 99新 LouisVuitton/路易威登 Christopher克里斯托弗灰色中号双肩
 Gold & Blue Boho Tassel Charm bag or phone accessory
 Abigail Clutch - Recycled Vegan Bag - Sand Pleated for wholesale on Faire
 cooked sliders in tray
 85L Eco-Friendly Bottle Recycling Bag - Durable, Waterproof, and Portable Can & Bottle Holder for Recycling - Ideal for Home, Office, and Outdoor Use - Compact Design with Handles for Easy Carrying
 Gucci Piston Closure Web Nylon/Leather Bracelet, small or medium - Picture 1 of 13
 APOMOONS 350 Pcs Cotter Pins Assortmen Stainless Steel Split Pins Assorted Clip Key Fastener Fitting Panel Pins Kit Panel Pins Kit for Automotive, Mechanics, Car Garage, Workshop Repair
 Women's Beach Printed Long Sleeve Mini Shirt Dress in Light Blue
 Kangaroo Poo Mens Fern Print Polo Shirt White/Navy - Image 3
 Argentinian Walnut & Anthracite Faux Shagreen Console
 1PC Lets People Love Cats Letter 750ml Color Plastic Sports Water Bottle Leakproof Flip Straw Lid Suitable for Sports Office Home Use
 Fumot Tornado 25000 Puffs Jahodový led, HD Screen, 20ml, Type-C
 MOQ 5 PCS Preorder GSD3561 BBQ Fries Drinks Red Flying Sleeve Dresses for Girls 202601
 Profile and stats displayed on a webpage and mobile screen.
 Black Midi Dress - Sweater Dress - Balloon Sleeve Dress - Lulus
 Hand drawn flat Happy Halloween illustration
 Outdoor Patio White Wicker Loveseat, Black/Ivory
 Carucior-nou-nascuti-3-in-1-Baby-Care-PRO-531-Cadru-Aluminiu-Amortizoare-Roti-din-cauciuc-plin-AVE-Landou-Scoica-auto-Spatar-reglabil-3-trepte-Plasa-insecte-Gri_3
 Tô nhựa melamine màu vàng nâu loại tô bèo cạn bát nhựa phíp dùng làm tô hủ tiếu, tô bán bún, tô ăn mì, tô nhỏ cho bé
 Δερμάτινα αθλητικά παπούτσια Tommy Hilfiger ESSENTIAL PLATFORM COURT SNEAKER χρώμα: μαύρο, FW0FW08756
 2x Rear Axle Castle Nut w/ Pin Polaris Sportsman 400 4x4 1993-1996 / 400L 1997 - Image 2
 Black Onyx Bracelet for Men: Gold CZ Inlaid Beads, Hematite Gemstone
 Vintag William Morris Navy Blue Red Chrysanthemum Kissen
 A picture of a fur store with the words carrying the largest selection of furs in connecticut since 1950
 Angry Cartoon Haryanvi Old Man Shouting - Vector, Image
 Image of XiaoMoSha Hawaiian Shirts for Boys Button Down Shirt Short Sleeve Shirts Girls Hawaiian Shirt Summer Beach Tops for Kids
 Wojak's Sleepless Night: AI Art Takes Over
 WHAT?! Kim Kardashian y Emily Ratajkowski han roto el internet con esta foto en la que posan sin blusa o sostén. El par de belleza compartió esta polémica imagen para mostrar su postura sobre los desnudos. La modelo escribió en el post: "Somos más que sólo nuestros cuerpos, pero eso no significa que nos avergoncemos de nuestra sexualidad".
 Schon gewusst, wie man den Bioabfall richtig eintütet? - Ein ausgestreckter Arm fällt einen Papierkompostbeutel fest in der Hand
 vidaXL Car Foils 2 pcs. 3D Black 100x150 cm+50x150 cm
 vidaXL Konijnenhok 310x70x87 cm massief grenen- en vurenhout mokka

# # # # #

Copy out each line of the data that has the word "Beach" in it.

 Women's Beach Printed Long Sleeve Mini Shirt Dress in Light Blue
 Image of XiaoMoSha Hawaiian Shirts for Boys Button Down Shirt Short Sleeve Shirts Girls Hawaiian Shirt Summer Beach Tops for Kids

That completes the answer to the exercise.